[Input data — start]

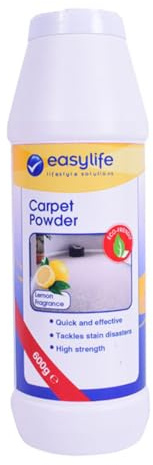 Easylife Dry Carpet Cleaner Powder (Lemon) Upholstery Cleaner Removes Blood Stains, Urine, Coffee & Wine Stains from Carpets, Rugs & Upholstery, 600g, Cleaning Products - Fully Guaranteed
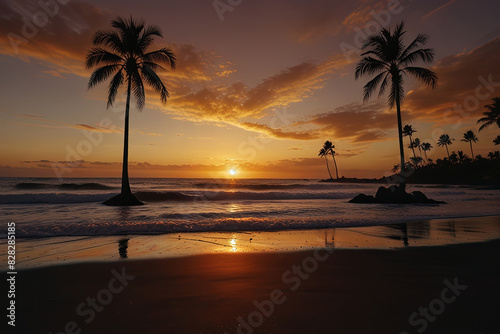 Burnt orange sunrise over a black sand beach with palm trees. 
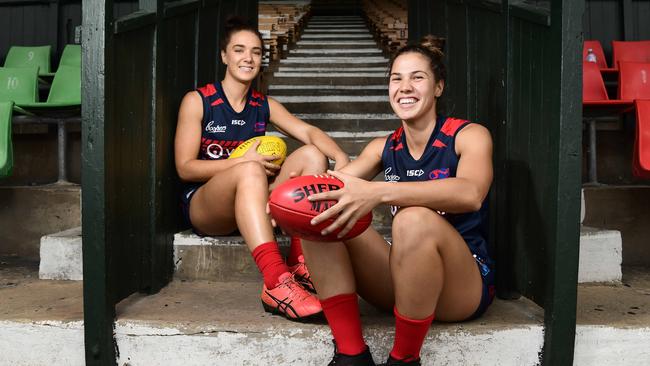 Norwood's Hannah Dunn and Najwa Allen at Norwood Oval. Picture: Bianca De Marchi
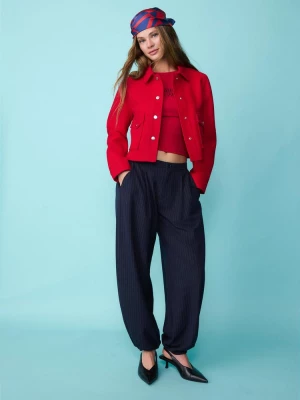 Obrázek produktu Stradivarius Krátká Bunda Z Měkké Látky Red
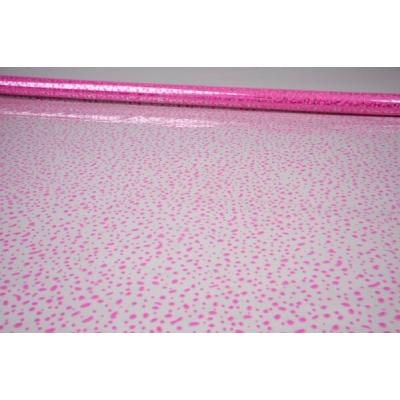 Пленка упаковочная прозрачная с рисунком для цветов и подарков в рулоне Мошка 70 см*8 м розовый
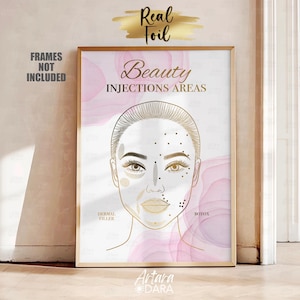 Beauty Injection Area, Real Foil Print, Botox Sites, Filler Area, Botox Poster, Dermal Filler Art, Beauty Salon Decor, Beautician Gift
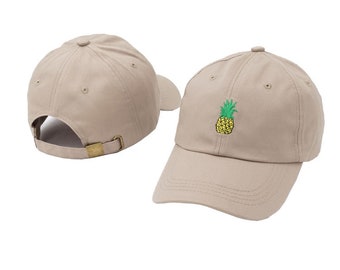 Beige Retro Pineapple baseball cap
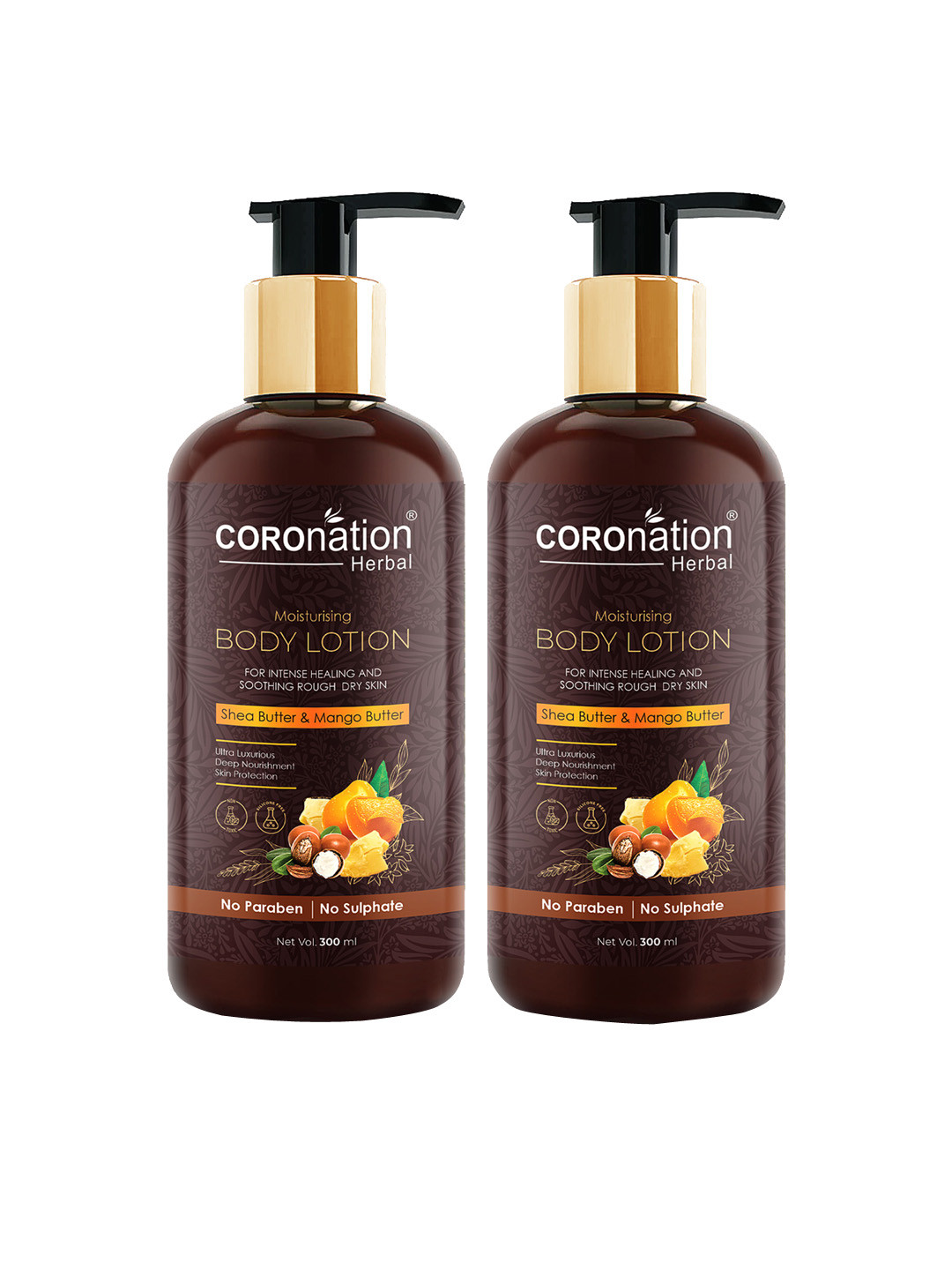 COROnation Herbal Set of 2 Shea Butter & Mango Butter Moisturising Body Lotion-300 ml Each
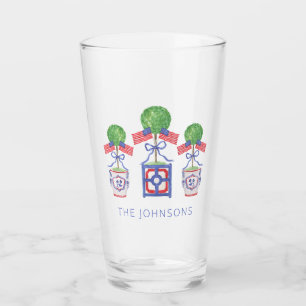 Vattenfärgen Patriotic American Flagga Topiary Gif Glaskopp
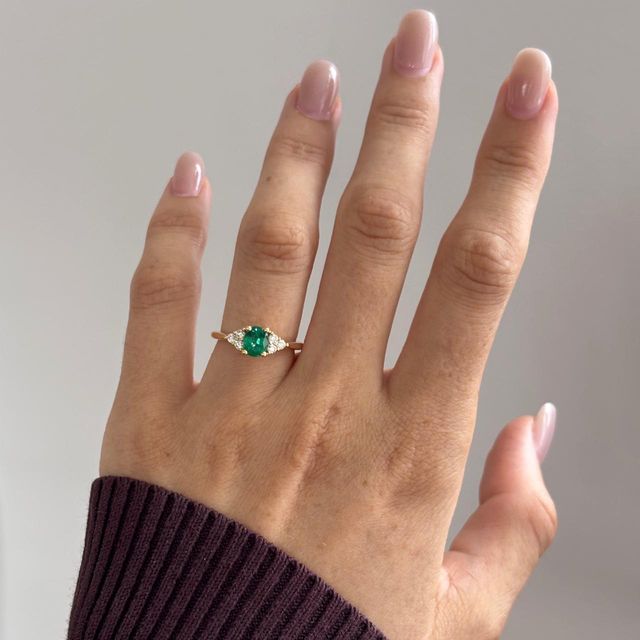 0.82 Carat Natural Oval Green Emerald Cluster Engagement Ring in Yellow Gold - Isabella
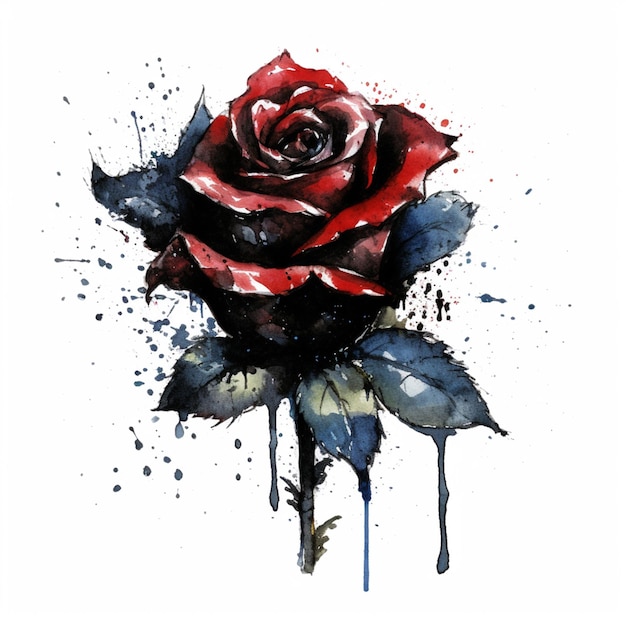 A painting of a red rose with blue leaves and the word roses on it.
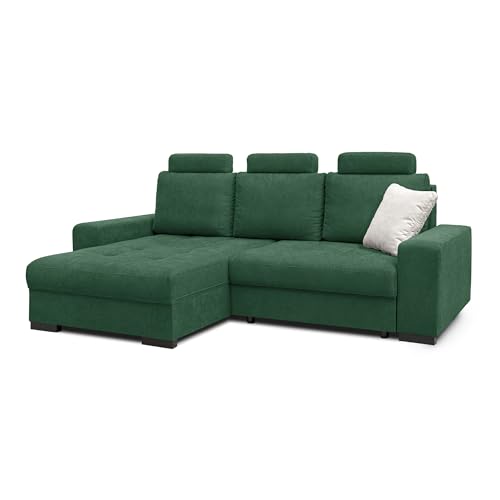 COMFTY-CO. Ecksofa Arizona – Schlafcouch mit Stauraum & Kissen – L-Form Sofa 248x80x37 cm – Modernes Design für Wohnzimmer - Links - Samt Grün von COMFTY-CO.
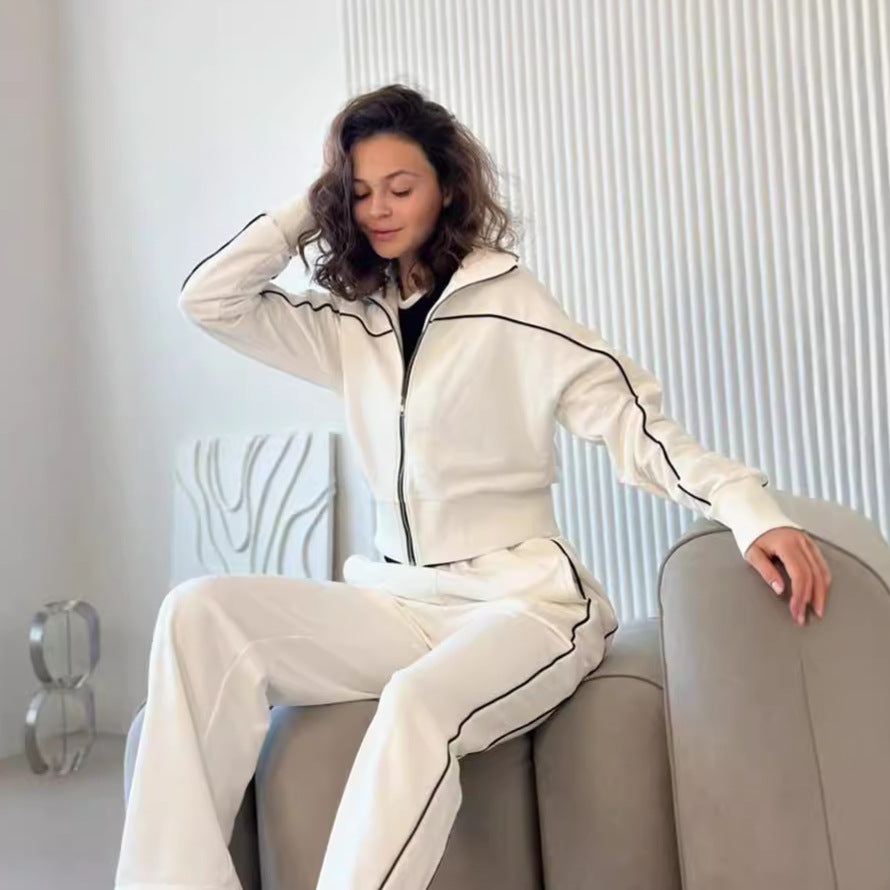 Damen nan zweiteiliges Sport-Loungewear-Set mit Stehkragen und Kontrastpaspel Echo Archiv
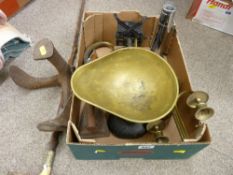 Set of cast iron and brass kitchen scales with bell weights, other metal ware and a horn topped
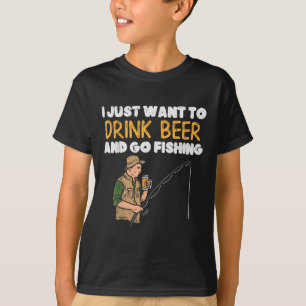 Trinke Bier, geh angeln Lustiges Trinken Fischer A T-Shirt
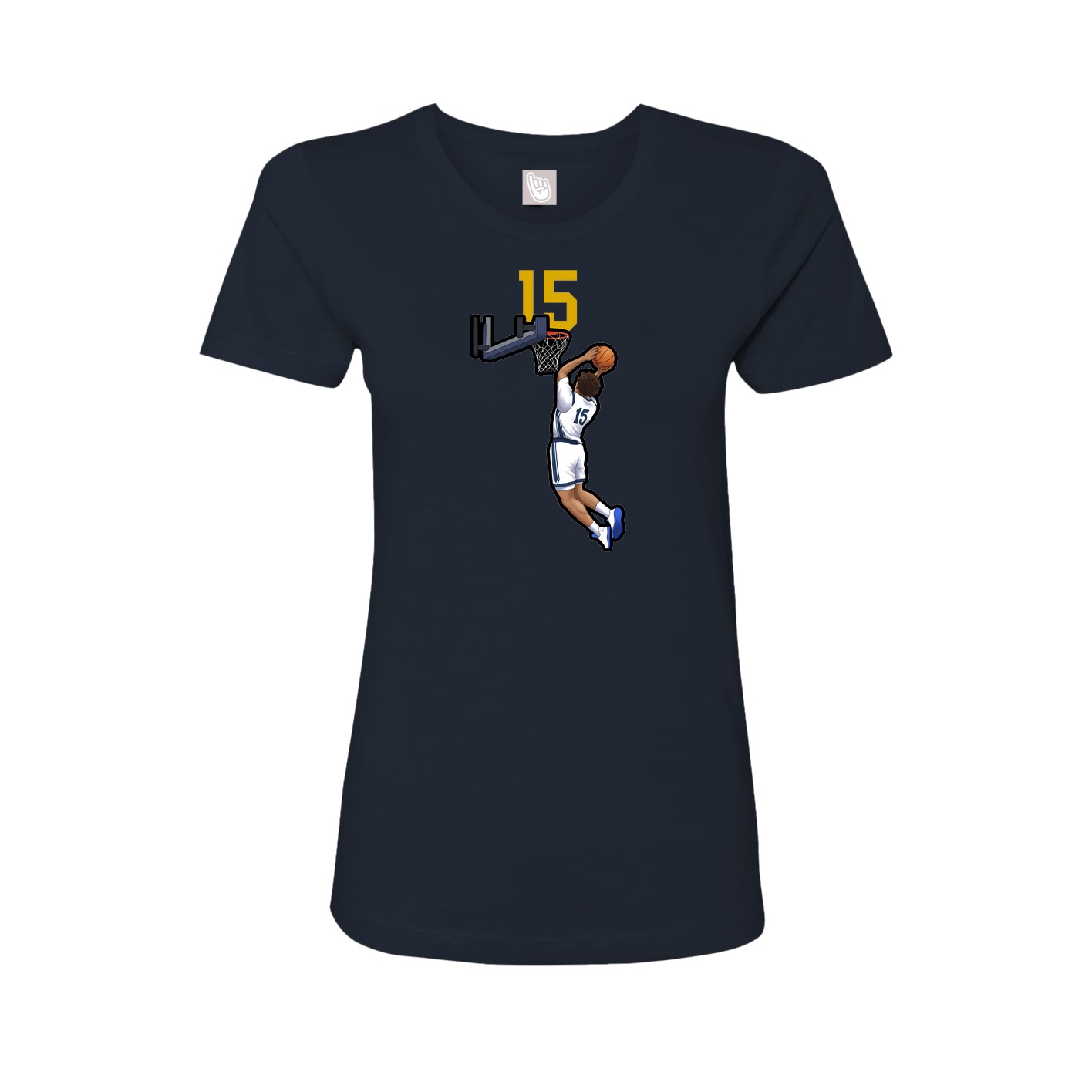 Fitted Women's Tee — Number Top in Navy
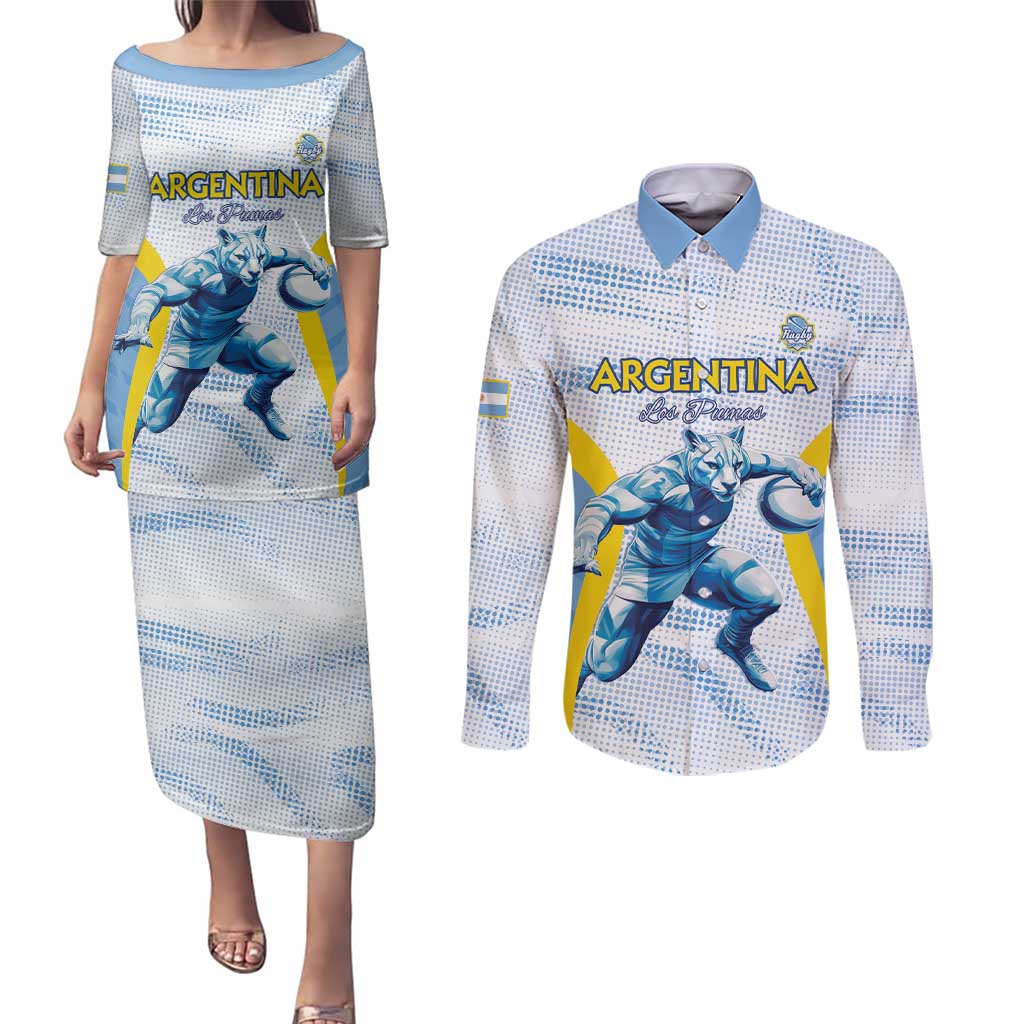 Argentina Rugby Custom Couples Matching Puletasi and Long Sleeve Button Shirt Pumas Mascot - Sporty Style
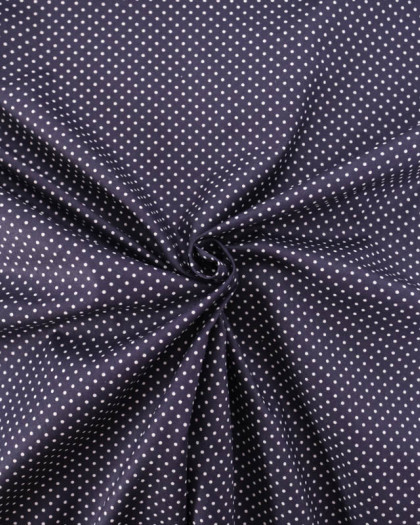 Popeline de Coton Mini Pois Navy - Mercerine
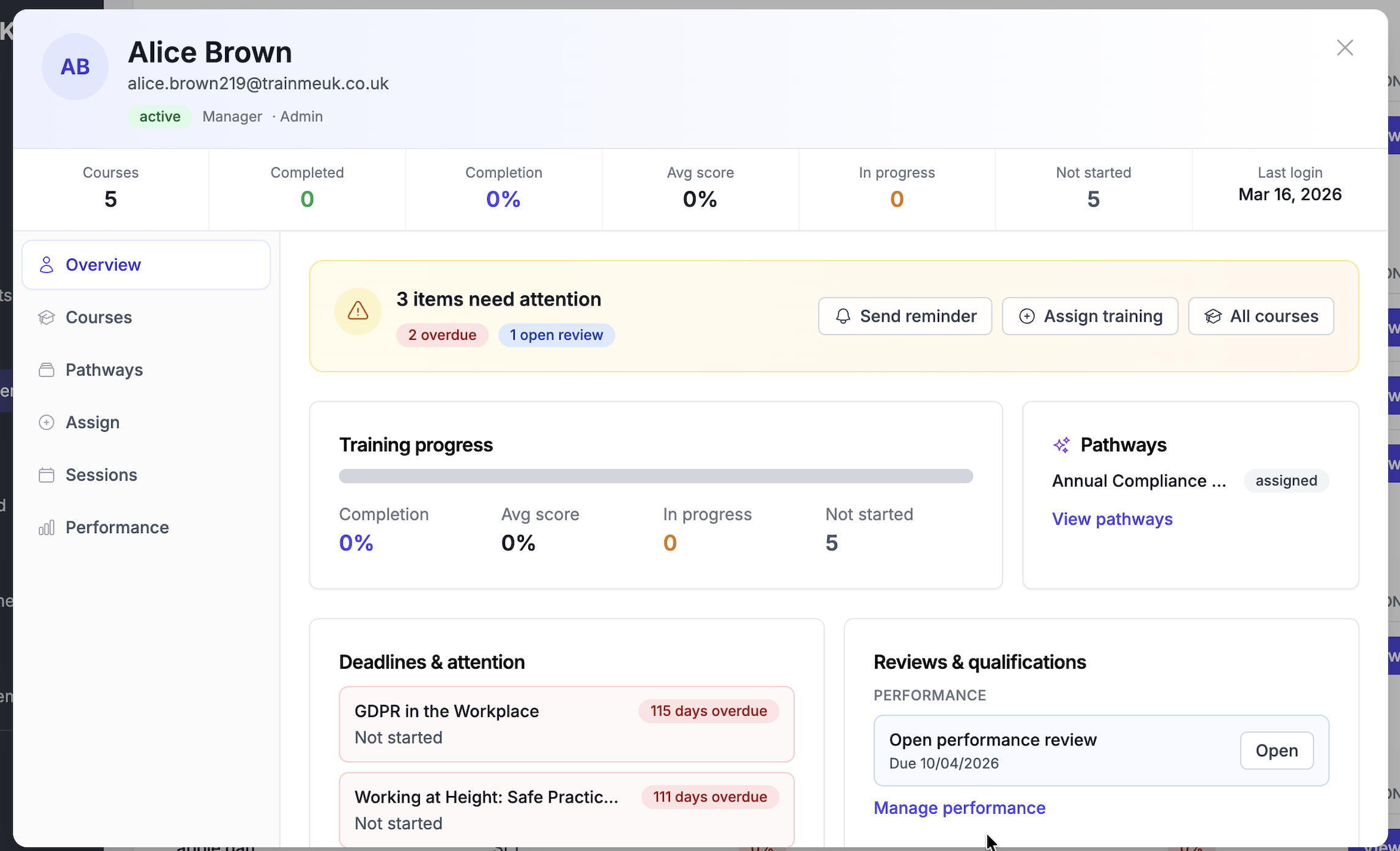 TrainMeUK Manager Dashboard - Team member overview with training progress and deadlines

[Input data — finish]

● **Exercise goal**
Copy out all the data exactly; skip the pictures.

● **Written solution**
 Easylife Dry Carpet Cleaner Powder (Lemon) Upholstery Cleaner Removes Blood Stains, Urine, Coffee & Wine Stains from Carpets, Rugs & Upholstery, 600g, Cleaning Products - Fully Guaranteed
 Burnt orange sunrise over a black sand beach with palm trees. 
 Norwood's Hannah Dunn and Najwa Allen at Norwood Oval. Picture: Bianca De Marchi
 Obrázek produktu Stradivarius Krátká Bunda Z Měkké Látky Red
 Пленка упаковочная прозрачная с рисунком для цветов и подарков в рулоне Мошка 70 см*8 м розовый
 Beauty Injection Area, Real Foil Print, Botox Sites, Filler Area, Botox Poster, Dermal Filler Art, Beauty Salon Decor, Beautician Gift
 Beige Retro Pineapple baseball cap
 COROnation Herbal Set of 2 Shea Butter & Mango Butter Moisturising Body Lotion-300 ml Each
 Vattenfärgen Patriotic American Flagga Topiary Gif Glaskopp
 0.82 Carat Natural Oval Green Emerald Cluster Engagement Ring in Yellow Gold - Isabella
 A painting of a red rose with blue leaves and the word roses on it.
 COMFTY-CO. Ecksofa Arizona – Schlafcouch mit Stauraum & Kissen – L-Form Sofa 248x80x37 cm – Modernes Design für Wohnzimmer - Links - Samt Grün von COMFTY-CO.
 Damen nan zweiteiliges Sport-Loungewear-Set mit Stehkragen und Kontrastpaspel Echo Archiv
 Set of cast iron and brass kitchen scales with bell weights, other metal ware and a horn topped
 Trinke Bier, geh angeln Lustiges Trinken Fischer A T-Shirt
 Fitted Women's Tee — Number Top in Navy
 Argentina Rugby Custom Couples Matching Puletasi and Long Sleeve Button Shirt Pumas Mascot - Sporty Style
 Popeline de Coton Mini Pois Navy - Mercerine
 TrainMeUK Manager Dashboard - Team member overview with training progress and deadlines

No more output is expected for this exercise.